Okay..as of now, im currently working in another company after my previous job, but its just a temporary job as its just a 6 mths contract. Its already 4 mths plus now since i started working, so just left abt 1 mth plus more to go before my job comes to an end. And yeah, can't wait for it to end actually.. cos i wanna take a good long break!! Been very stressed and tired working continuously.. and sometimes really so stressed that i felt i could break down just any moment.
But then, along the way i also met many nice colleagues. Most of them are interns and temp staffs, just like me. All of them from different departments, but during lunch we are just like one big family, getting together and having lunch together. Those were really gd times! But as time passes.. most of them had already left the company as their contract and internship has ended. So now, its just left with 2 person, and thats me and my colleague, who is also an intern. From such a big group of ppl to just 2 of us.. its really very sad. But then, ppl come and ppl go. Nothing is forever.
Well but after so many "hi"s and "bye"s, i managed to forge out a close bond with my colleague and another temp guy, and together we form a clique. I really love this clique of ours! Although just 3 person, but is closely knit together. Anyway, i don't really like big groups too. 3 is just nice. But then, everyone is busy and have their own lives to lead, so we don't really meet that often but we'll still try to meet up if there's time. So, its good and i hope our clique will continue to remain strong and go on and on forever!
So, thats so much on my work life.. now come to my social life.. which is church. Well, i have changed a new church since last year after my ex-colleague invited me to his cellgroup. So i got to know many ppl there and it was really an exciting experience for me. However, things change.. As time goes by, more and more ppl join the cellgroup and it becomes very big. But too big is not good.. its so big that i felt quite leftout in there and there wasn't any ppl whom i feel close to. So i start to slowly withdraw myself from the group by not going for cellgroup meetings and church services.
So, i now no longer attend the church services and cellgroup meetings anymore. But i have no intentions of joining another new church or whatsoever as i don't wish to get stuck in this kind of "feeling left out then withdraw from church" situation again. Having been thru so much in life especially in the area of church, i think its better for me not to dwell in church stuffs anymore and just simply live a plain simple life will do.

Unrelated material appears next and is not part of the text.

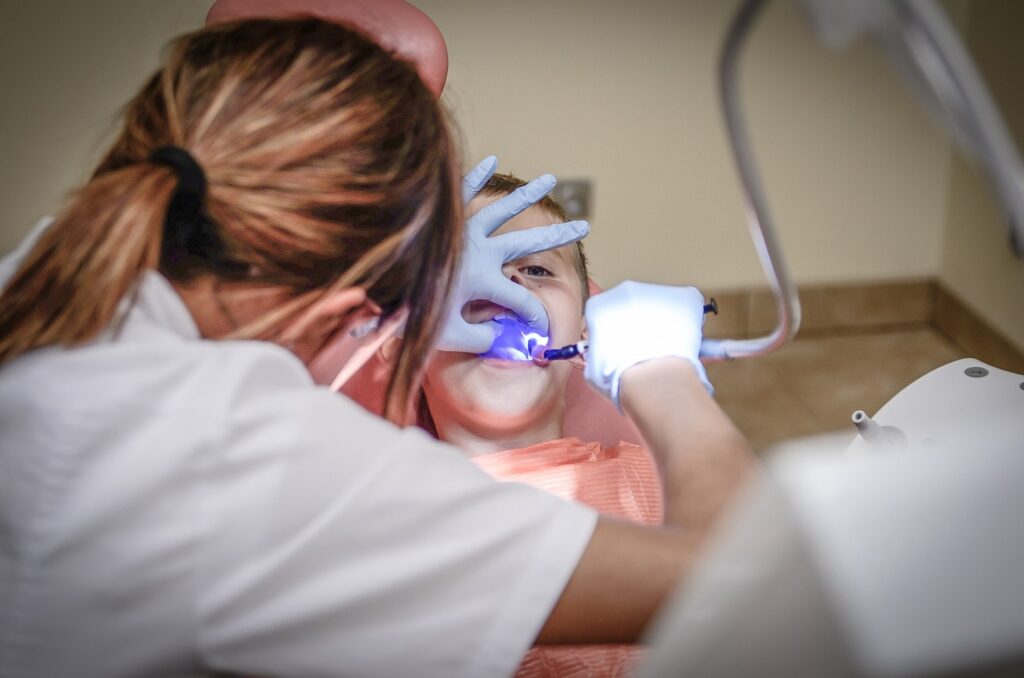 Dr. Divya's Dental Care, Akota - Vadodara | Dentist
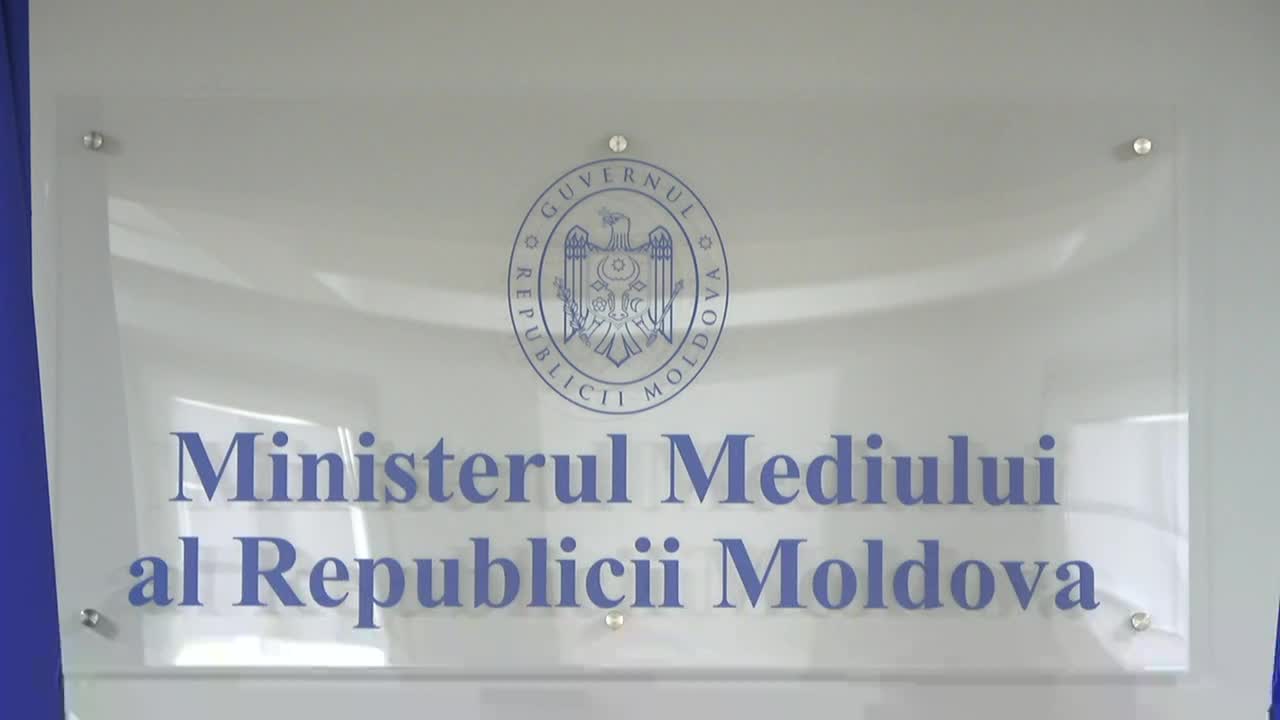 Conferință de presă susținută de ministrul Mediului, Sergiu Lazarencu, împreună cu Directorul Oficiului Național de Implementare a Proiectelor în Domeniul Mediului (ONIPM), Nicolae Arnăut, privind lansarea unui nou concurs de propuneri de proiecte finanțate din Fondul Național pentru Mediu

Although many ppl say, u can't live without god.. how true is that? I mean, even if u do have a relationship with god or not, life still goes on isn't it?? Maybe some ppl look towards God as an emotional support. To me, i want something physical, not spiritual.. I want a person to be there when im sad, lonely and down.. i want ppl to care for me and show concern for me, thats why i rely on friends a lot..
Its not easy for me to make frens as im not very sociable and also due to being hurt so much in life before, i dun really trust anyone now except for those frens whom i feel they are really close and i will really treasure them and keep them close to my heart. To those frens whom i once knew and our frenship were strong, but due to some circumstances and situation, things change and the frenship that were once strong is no longer strong anymore, it becomes fragile like glass and it breaks so easily. Of coz, im very sad that our "once strong" frienship just end like this, but i guess, nothing is forever. Although im sad, yes.. but what can i do? Lost is lost already.. we can't get it back.. and no point crying over spilt milk.
So now, im just left with a few friends, but it beats having none. At least, having a few true friends is better than having so many casual frens or acquaintances.. and furthermore, maintaining a frenship is not easy, so if u have too many frens, its very hard to maintain them. So yeah, having a few true frens is already very good.
So yeah, i've spoken a lot already.. Well so this is my journey of life so far.. As of now, i dun wish to think too much already.. Let bygones be bygones, past is past.. Just look forward to the future and thats it. Those not worth keeping i will not keep anymore.
Okay, i'll end here..
Back to square one
Saturday, May 19, 2012
at
12:20 AM
Well, after so long of not deciding to blog again.. im back..
Anyways, i bet no one whom i know will be reading this so yeah.. free to rant here anyway.
As of now, im just feeling damn low...super deep deep low and down to the max..
Oh yes, im EMO.. EMO EMO EMO!! So what???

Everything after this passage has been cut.